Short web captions
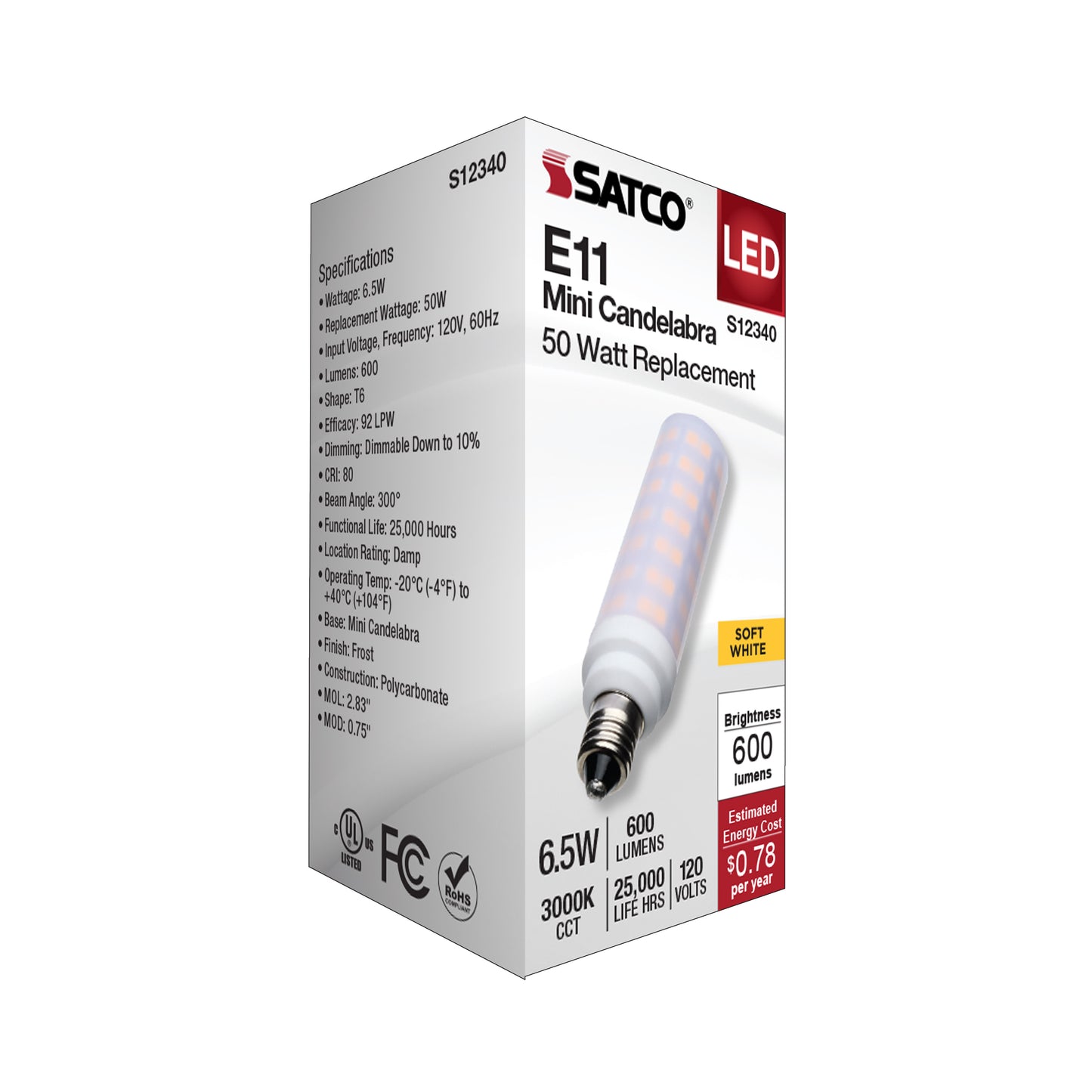 6.5 Watt T6 LED; Frost Finish; E11 Base; 3000K; 120 Volt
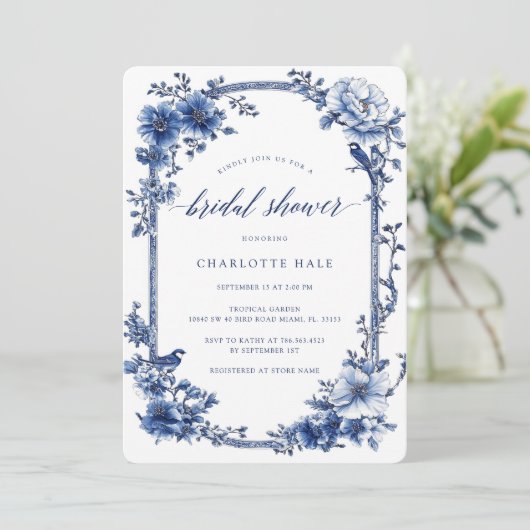 青エレガントヴィンテージブライダルシャワー 招待状 (スタンド正面)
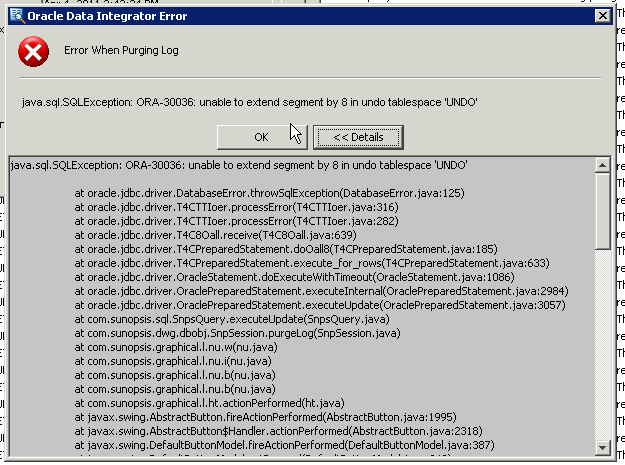 oracle java stack error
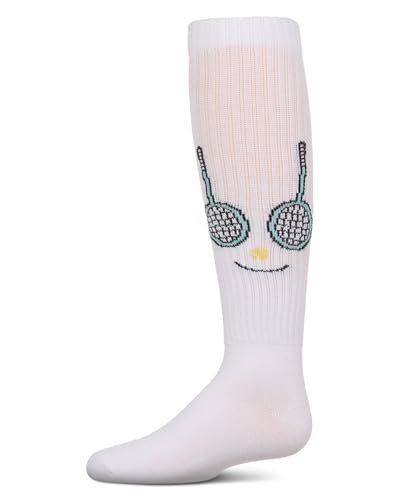 MeMoi Girls Ribbed Stretch Cotton Tennis Smiley Face Knee Sock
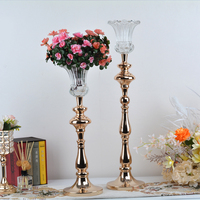 Vase à fleurs en métal doré de luxe, support en verre, haute qualité, durable, centre de table de mariage, grand porte-bougie, décoration de table de fête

Work required: Copy out the data verbatim, with no pictures.

Exercise response:
 6.5 Watt T6 LED; Frost Finish; E11 Base; 3000K; 120 Volt
 青エレガントヴィンテージブライダルシャワー 招待状 (スタンド正面)
 oracle java stack error
 MeMoi Girls Ribbed Stretch Cotton Tennis Smiley Face Knee Sock
 Vase à fleurs en métal doré de luxe, support en verre, haute qualité, durable, centre de table de mariage, grand porte-bougie, décoration de table de fête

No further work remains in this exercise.